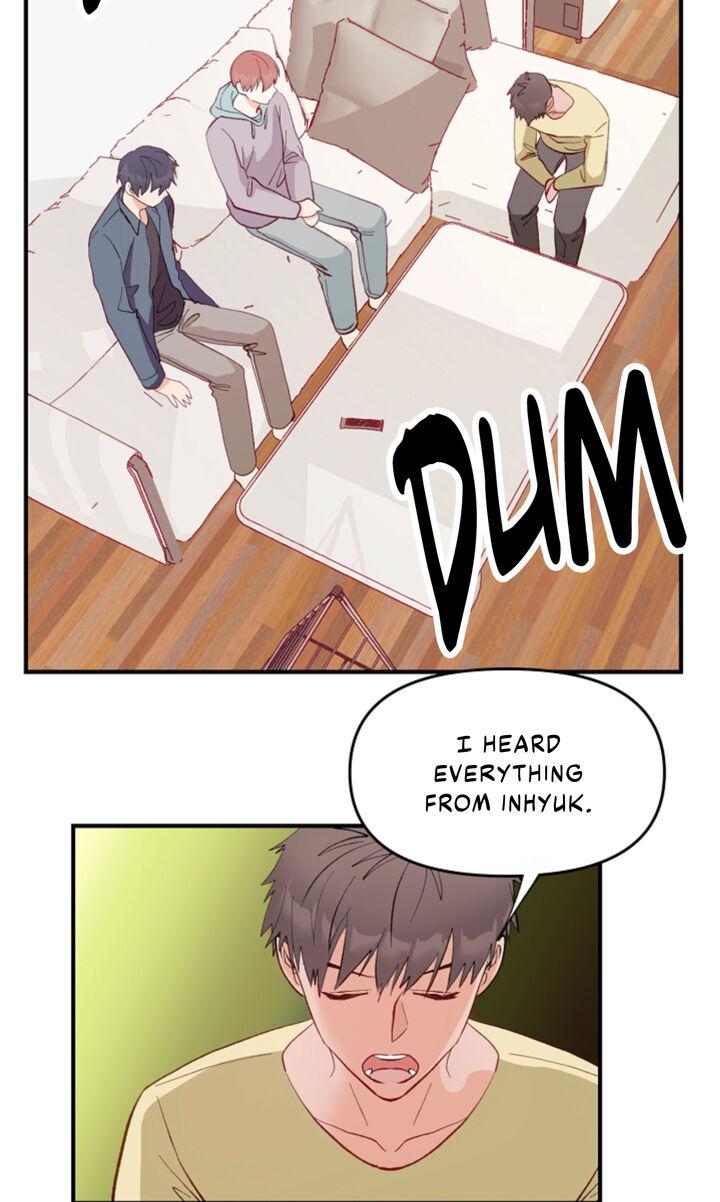 Read Chaotic Desire chapter 2 image 17 on Lezhin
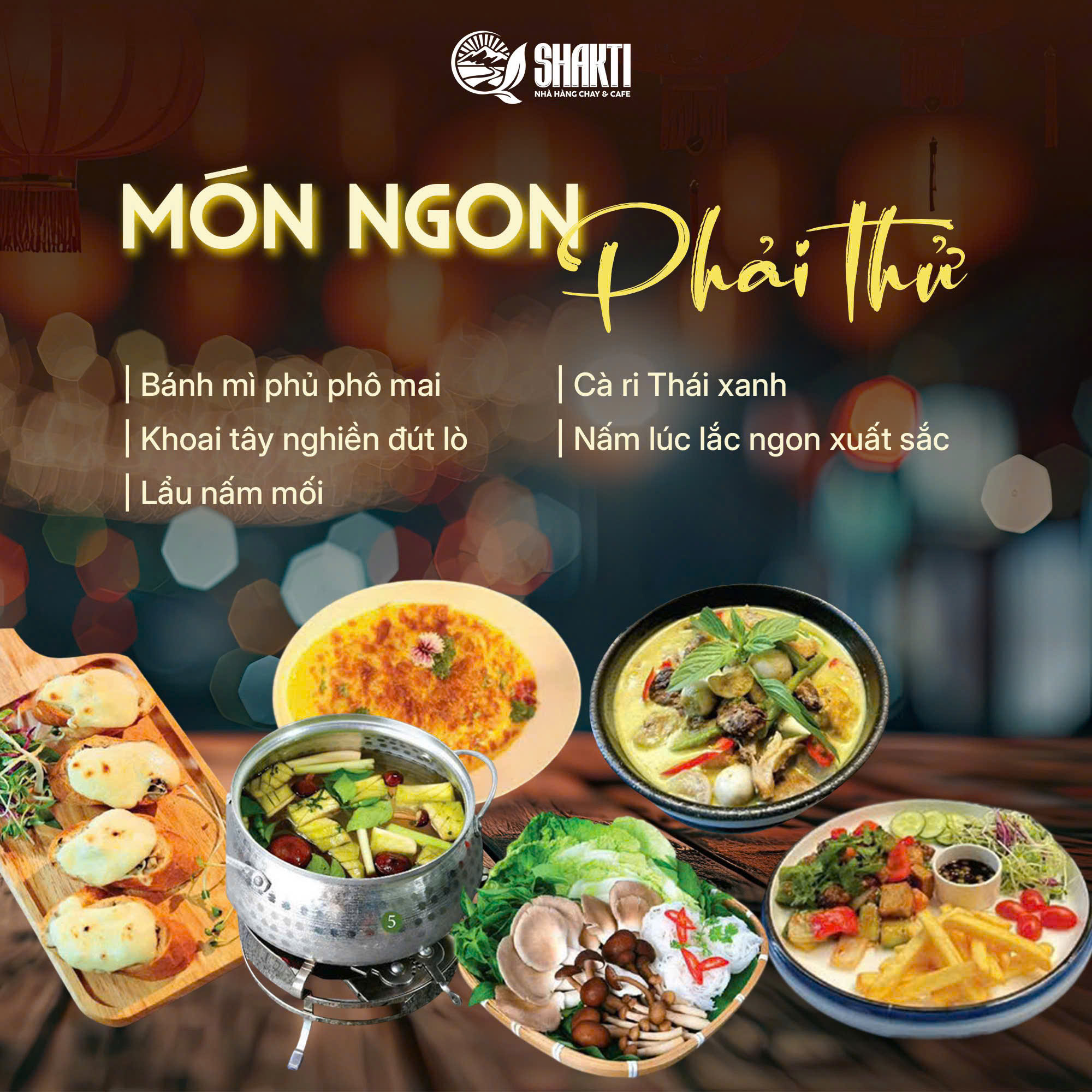 Nhà hàng chay ở Nha Trang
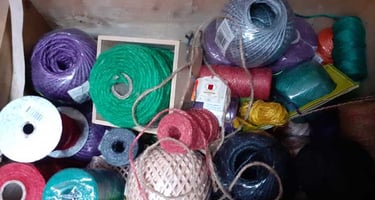 macramé Pause Ô Logis Mayenne Coëvrons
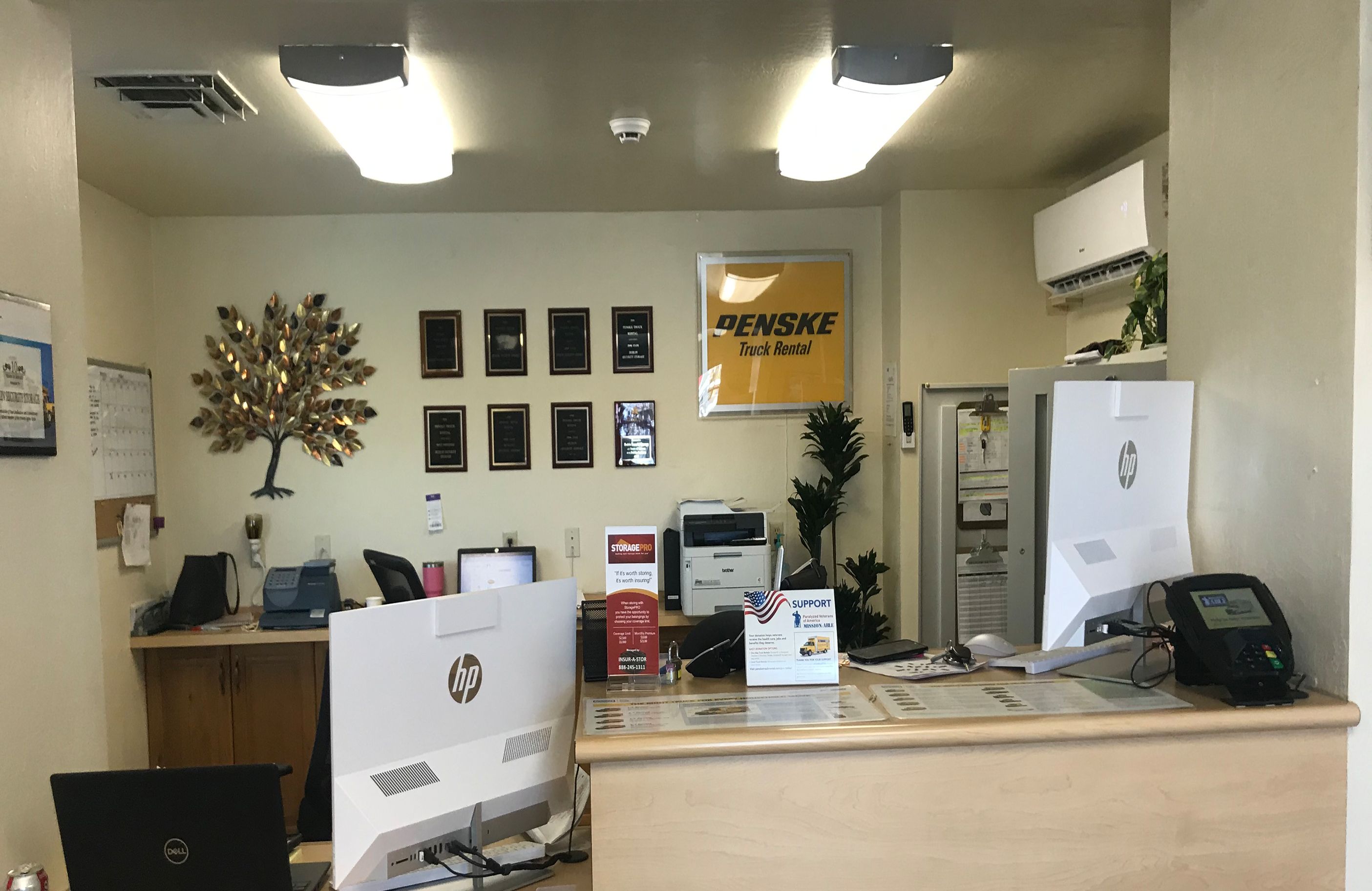 Storage Units In Dublin,CA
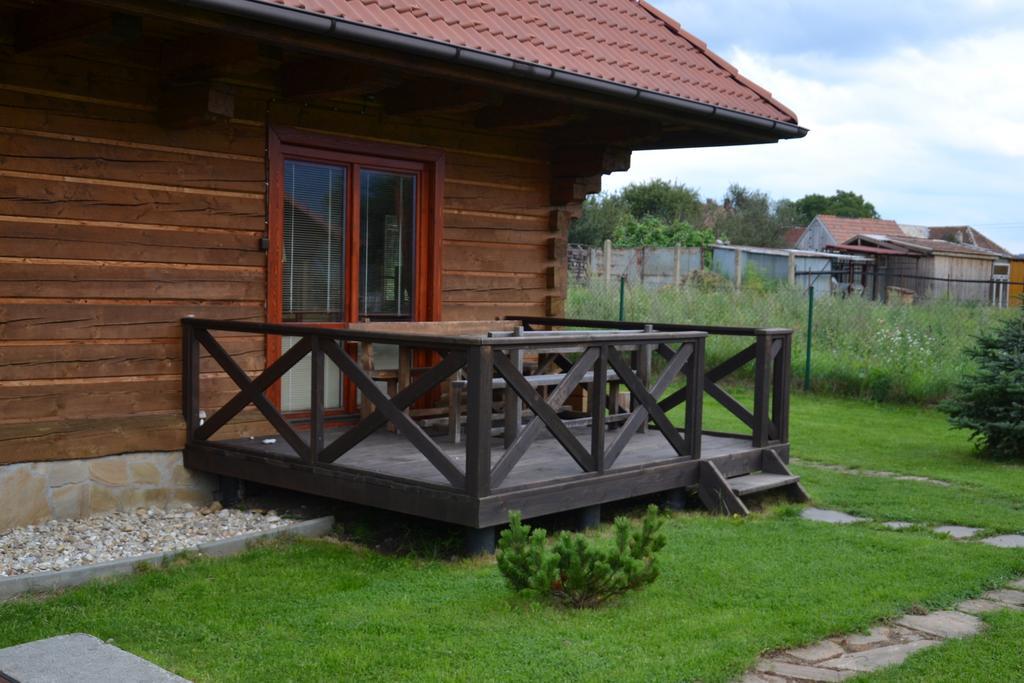 Chalupa Pohoda Slovensky Raj Ferienhaus *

_What you have to do:_ Would you restate word for word each line from the one that holds "Nhà hàng chay ở Nha Trang" to the end of the material, both ends included, without the pictures?

_Output below:_
 Nhà hàng chay ở Nha Trang
 macramé Pause Ô Logis Mayenne Coëvrons
 Storage Units In Dublin,CA
 Chalupa Pohoda Slovensky Raj Ferienhaus *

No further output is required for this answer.